# Have you ever walked out of a movie?



## Vanity (Jul 24, 2009)

I actually haven't....I even stayed for movies I didn't end up liking. I just felt like I'd be wasting my money more by leaving. I would keep hoping that maybe the end of the movie would be better than it had been so far.

Luckily I rarely end up seeing a movie in the theatre that I end up totally hating.


----------



## James (Jul 24, 2009)

Nah I haven't. Movies here are expensive, even if the movie is crappy (and some have been) I want to at least know I got the full experience that I paid for.

The closest thing is one time I paid for one movie but then snuck in to see another, so technically I left the first movie, but I wasn't planning on watching it. I wanted to see Kill Bill Volume 2 but it was a few months till I was 18 and they probably would've asked to see ID, so we paid for Van Helsing then snuck into Kill Bill.


----------



## Vanity (Jul 24, 2009)

James said:


> Nah I haven't. Movies here are expensive, even if the movie is crappy (and some have been) I want to at least know I got the full experience that I paid for.
> 
> The closest thing is one time I paid for one movie but then snuck in to see another, so technically I left the first movie, but I wasn't planning on watching it.

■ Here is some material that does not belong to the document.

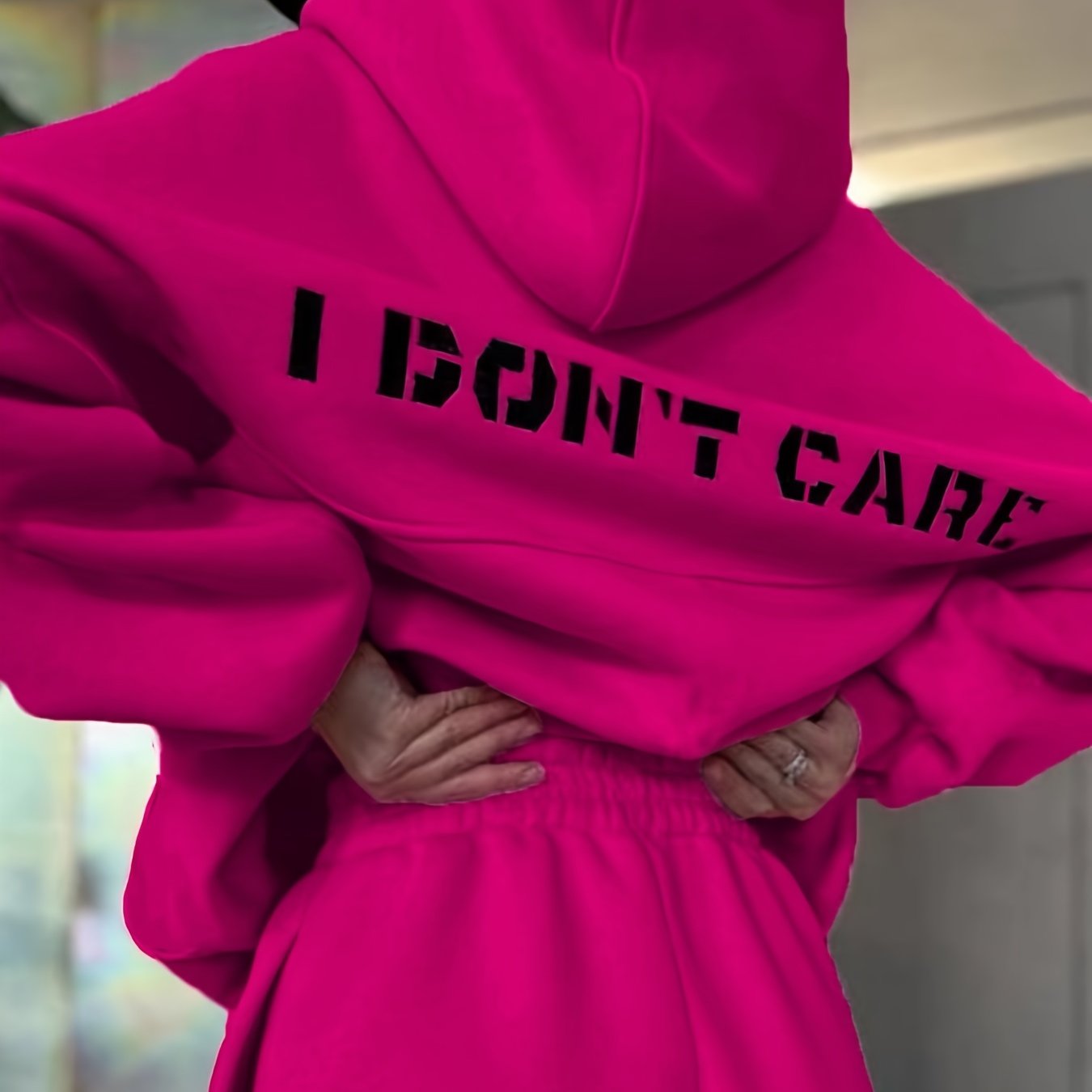 Ayollar uchun plussiz kiyim to'plami, harf bosma bilan, uzun qo'lqopli kapüşon va mos keladigan shimlarni o'z ichiga oladi.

I wanted to see Kill Bill Volume 2 but it was a few months till I was 18 and they probably would've asked to see ID, so we paid for Van Helsing then snuck into Kill Bill.



Wow James I didn't know that you'd ever done anything bad like that. 

I was 19 when both Kill Bill movies came out. lol. Although the person didn't believe me the first time and I didn't have ID so I had to leave and come back for a different showing. The person didn't even believe my mom when my mom said I'm 19. lol.


----------



## Katamai (Jul 24, 2009)

I walked out of movies when I was a teenager, Dalores Clayborne and Battelfield Earth. 

I was like "oh yay a stephen king movie this has to be okay." I was so very wrong.

And Battlefield Earth was so damn bad, I mean I love Barry Pepper... but not that much.


----------



## Kei (Jul 24, 2009)

Yes...Yes I have in Bruno


----------



## Muse (Jul 24, 2009)

Yes...Silent Hill, and Public Enemies


----------



## spaZ (Jul 24, 2009)

Walked out on Valkyrie because it was so fucking boring.


----------



## superattackpea (Jul 24, 2009)

Michael Clayton and No Country for Old Men, twice.


----------



## Liebgotts (Jul 24, 2009)

Yes, I walked out of Bruno. 
O_o


----------



## CrazyMoronX (Jul 24, 2009)

I did use the bathroom during Vanilla Sky. I came back though.

Does that count?


----------



## Big Boss (Jul 24, 2009)

Secret Window, it took me about 20 minutes to realize that it wasn't Starsky & Hutch.


----------



## Catterix (Jul 24, 2009)

_The Spirit_: Because it was utter shit, and mindnumbingly boring.

_Drag Me To Hell_: Because my BF thought it was dull as hell and cheesy crap, and I couldn't be bothered to watch it alone if he was going to walk out.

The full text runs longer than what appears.